CASE TITLE: Bogo-Medellin Milling vs. CA

GR No/ Date: G.R. No. 124699. July 31, 2003.

PONENTE: Corona, J.

CASE WITH THE SC: Petition for Review on Certiorari under Rule 45

PROCEDURAL ANTECEDENTS:

  1. RTC - Complaint for payment of compensation and/or recovery of possession of real property and damages with application for restraining order or preliminary injunction;

  2. CA - Appeal

FACTS:

  • On December 9, 1935, Magdaleno Valdez, Sr. bought a parcel of unregistered land from Feliciana Santillan in Barrio Dayhagon, Medellin, Cebu.

    • He took possession of the property and declared it for tax purposes in his name.

    • Prior to the sale, Bogo-Medellin Milling Company, Inc.'s railroad tracks already traversed the land from north to south for hauling sugar cane.

  • In 1948, Magdaleno Valdez, Sr. died.

    • His heirs (Sergio Valdez, Angelina Valdez-Novabos, Teresita Argawanon-Mangubat, and Daylinda Argawanon-Melendres) inherited the land.

  • In 1965, Bomedco registered the disputed middle lot (Cadastral Lot No. 954) where the tracks lay in its name, while Lot Nos. 953 and 955 remained with the heirs.

  • In 1989, the heirs discovered Bomedco's claim and demanded an explanation and compensation, which Bomedco ignored.

  • The heirs filed a complaint for payment of compensation and/or recovery of possession of the property and damages against Bomedco.

  • RTC: Held that Bomedco acquired ownership of Lot No. 954 through acquisitive prescription, having possessed it in good faith for over 10 years.
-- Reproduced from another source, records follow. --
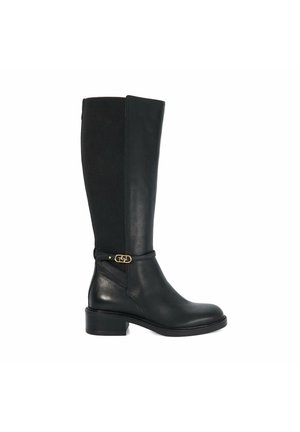 Botte en cuir noire montant jusqu’au genou avec talon bloc bas et détail de bride à boucle dorée autour de la cheville, vue de côté gauche sur fond blanc.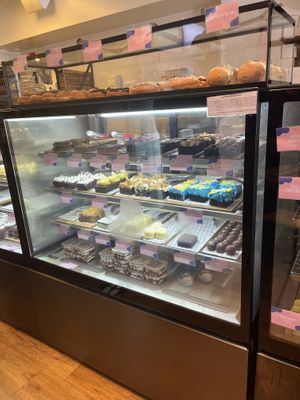 Sweets shelf and donuts up top   at Veganyumm Bakehouse in Brisbane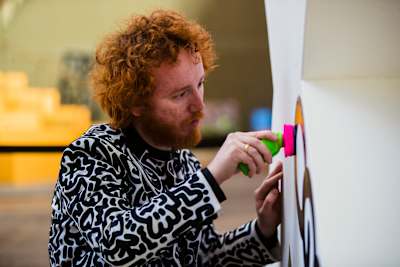 British artist and Red Bull Doodle Art World Final judge Sam Cox, aka Mr Doodle, creates an inspirational work at Amsterdam's STRAAT Museum in April 2023. 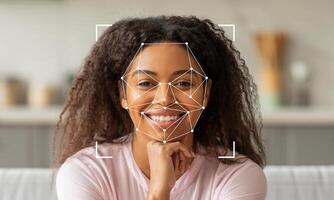 A woman with curly hair is smiling confidently while facial recognition technology detects her features. The background is blurred, emphasizing her expressions and the tech overlay. photo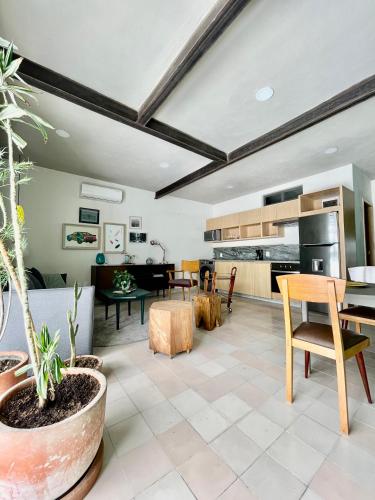 a kitchen and living room with a table and chairs at Casa San Fernando by Barrio México in Guadalajara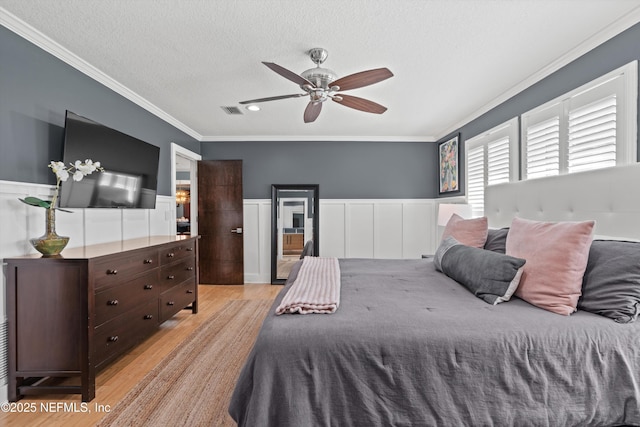 1786 Selva Marina Dr, Atlantic Beach, FL 32233 - bedroom with light wood finished floors, crown molding, a wainscoted wall, a textured ceiling, and ceiling fan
    • Rejected Bomedco's defense of ownership due to the inadmissibility of the 1929 deed of sale (xerox copy).

  • CA: Reversed the trial court.

    • Found that Bomedco did not acquire ownership but only an easement of right of way by unopposed and continuous use.
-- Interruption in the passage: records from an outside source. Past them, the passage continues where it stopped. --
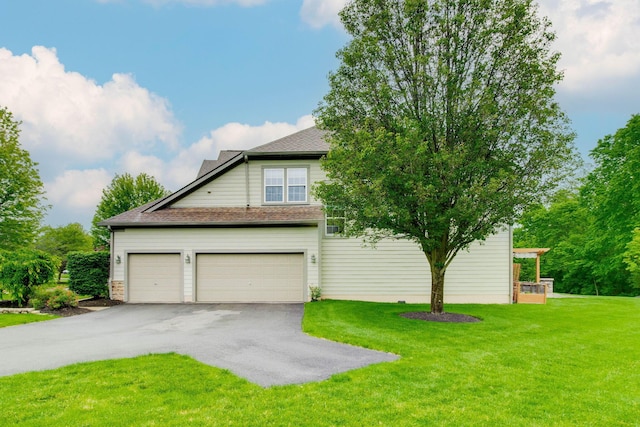 2898 Braden Way, Blacklick, OH 43004 - view of front of house with driveway, a front lawn, a shingled roof, and a garage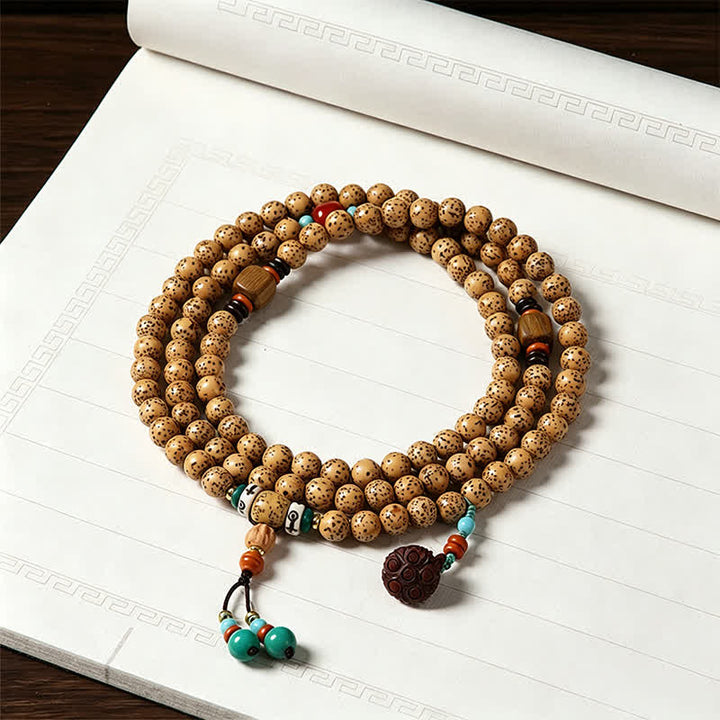 Buddha Stones Mala rond de 108 perles, orné de graines de lotus, de graines de Bodhi et d'étoiles, de lunes et de graines, fabriqué à la main. - Bouddha (Compassion ♥ Sérénité) - image 0
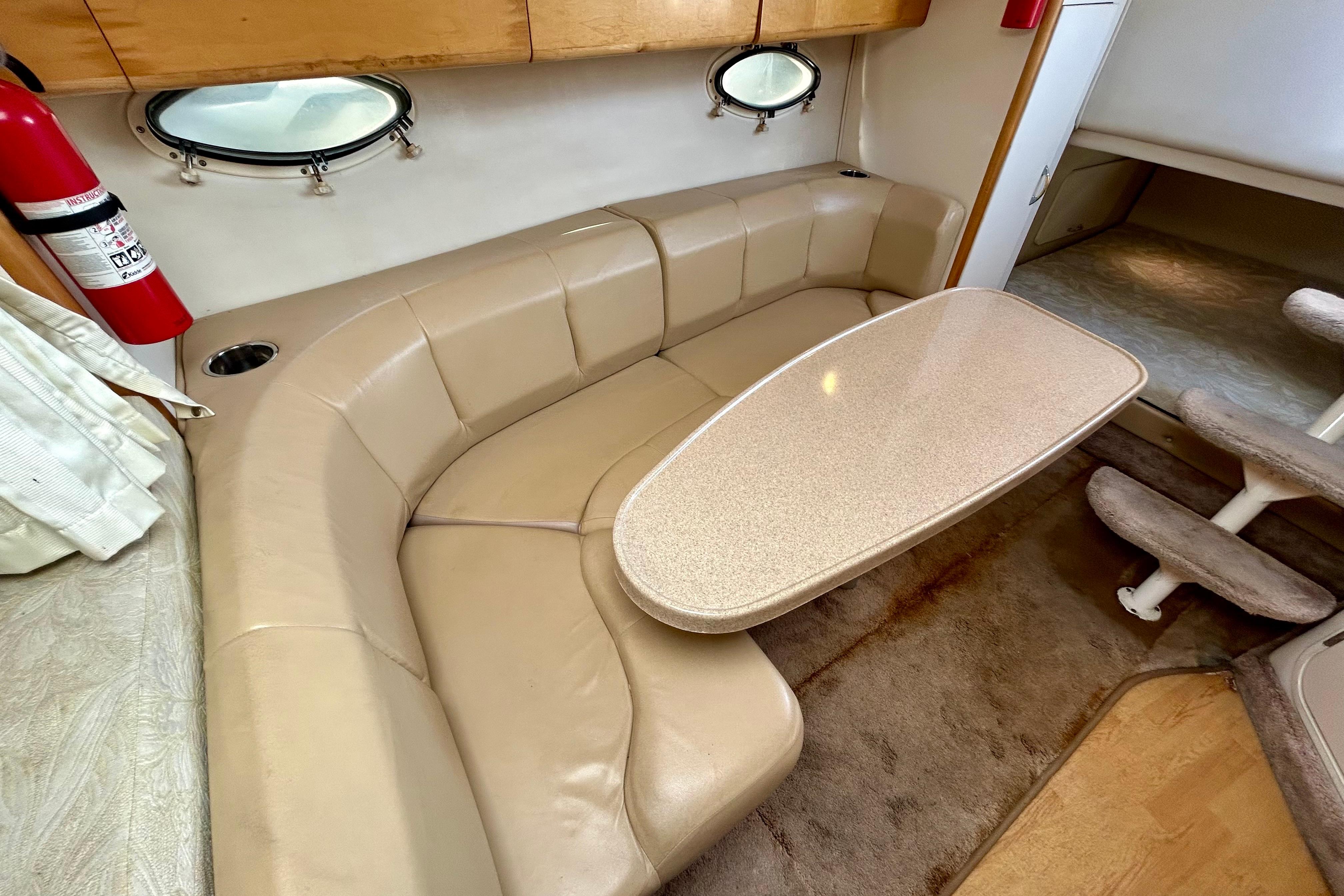 Interior of 2000 Larson 290 Cabrio boat with beige seating and table.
    • Held that Bomedco's possession was in bad faith, requiring a 30-year prescriptive period to claim ownership.

    • Ruled that Bomedco's adverse possession started in 1965 and had not yet ripened into ownership by 1989.

    • Awarded compensation to the heirs for the use of the land, calculated from the time of discovery of Bomedco's adverse acts.


ISSUE:


Whether the Bomedco acquired the easement of right of way by prescription under Article 620 of the Civil Code NO

 

ARGUMENTS/LEGAL BASES  

PETITIONER

RESPONDENTS

  • Claimed ownership and possession of Cadastral Lot No. 954, allegedly purchased from Santillan in 1929.
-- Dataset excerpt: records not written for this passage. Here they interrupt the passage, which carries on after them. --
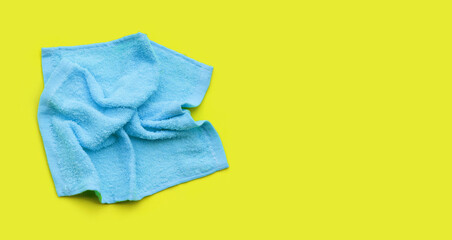 Blue towel for cleaning on green background.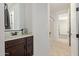 Bathroom boasts dark wood vanity with cream countertop and decorative framed mirror at 9372 W Louise Dr, Peoria, AZ 85383
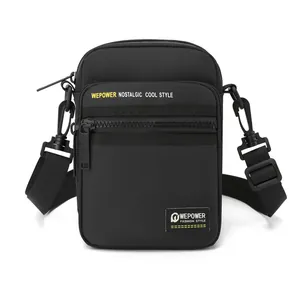 Men's black multi-functional crossbody bag with adjustable strap and front zipper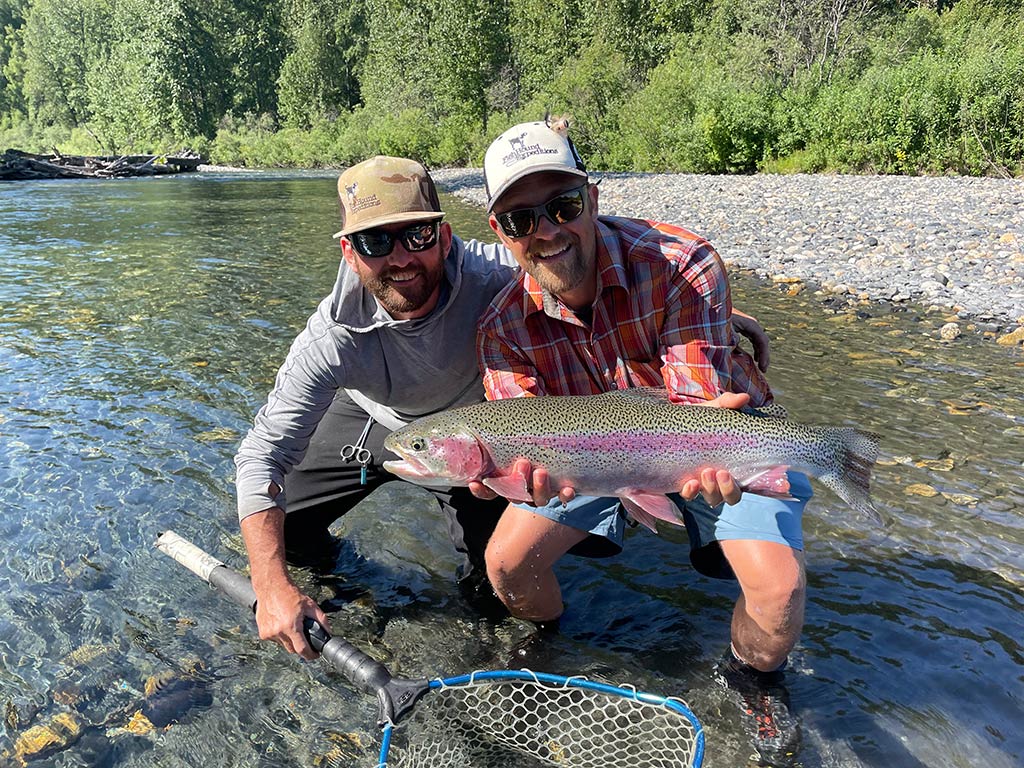 Two anglers in baseball caps crouching in shallow waters near Anchorage, AK, with one holding a large Rainbow Trout, while the other holds a fishing net on a sunny day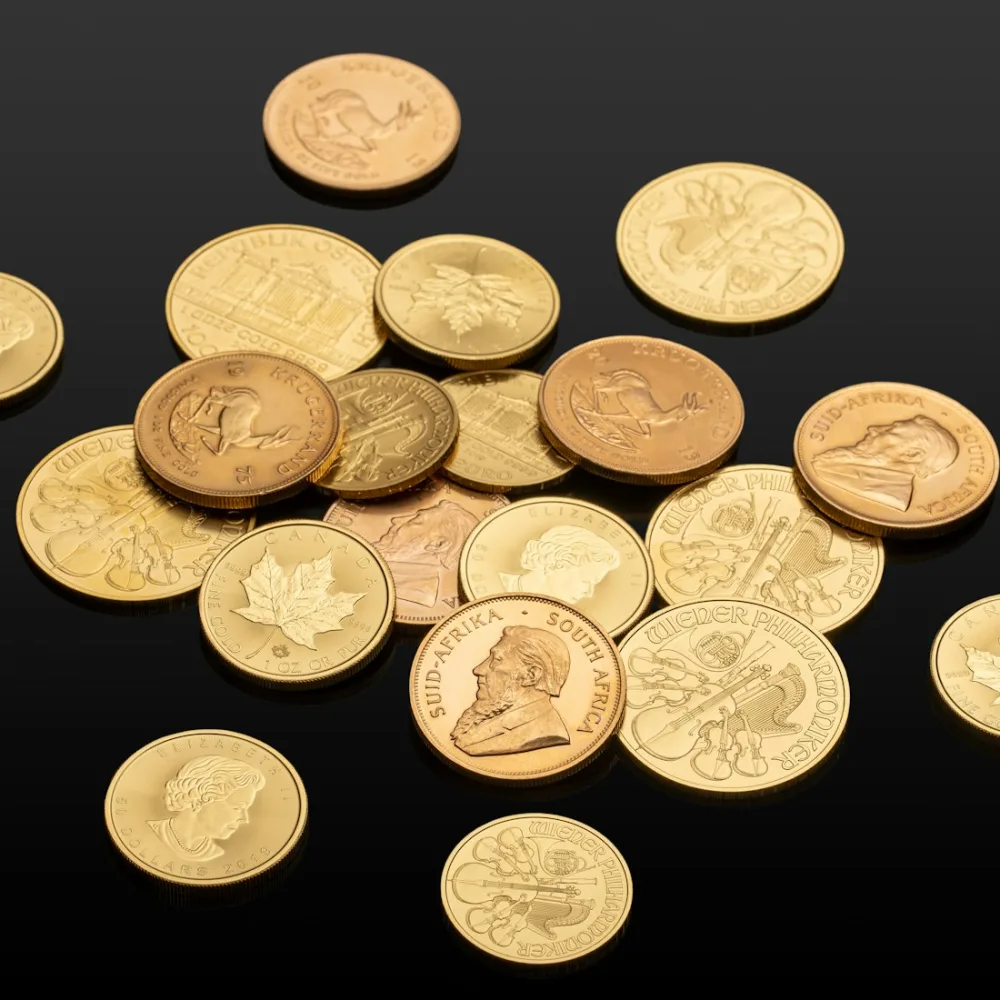 Monede de investiție din aur, printre care Krugerrand, pe fundal negru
  • Contended that the heirs' claim was barred by prescription and laches due to its open and continuous possession for over 50 years.

  • Submitted a 1929 deed of sale, tax receipts, survey plans, and testimonies in defense.

  • Asserted that Santillan granted Bomedco a 30-year railroad right of way in 1929, which expired in 1959.

  • Claimed that Valdez, Sr. respected the right of way, and they allowed Bomedco to continue using the land due to familial employment.

  • Presented the 1935 deed of sale, tax receipts, and testimonies to support their claim..

PREVAILING PARTY: Respondent

DECISION/DOCTRINE:


Extraordinary Acquisitive Prescription


Under Art. 1137 of the Civil Code


Petitioners claim of ownership through extraordinary acquisitive prescription under Article 1137 of the Civil Code cannot be sustained.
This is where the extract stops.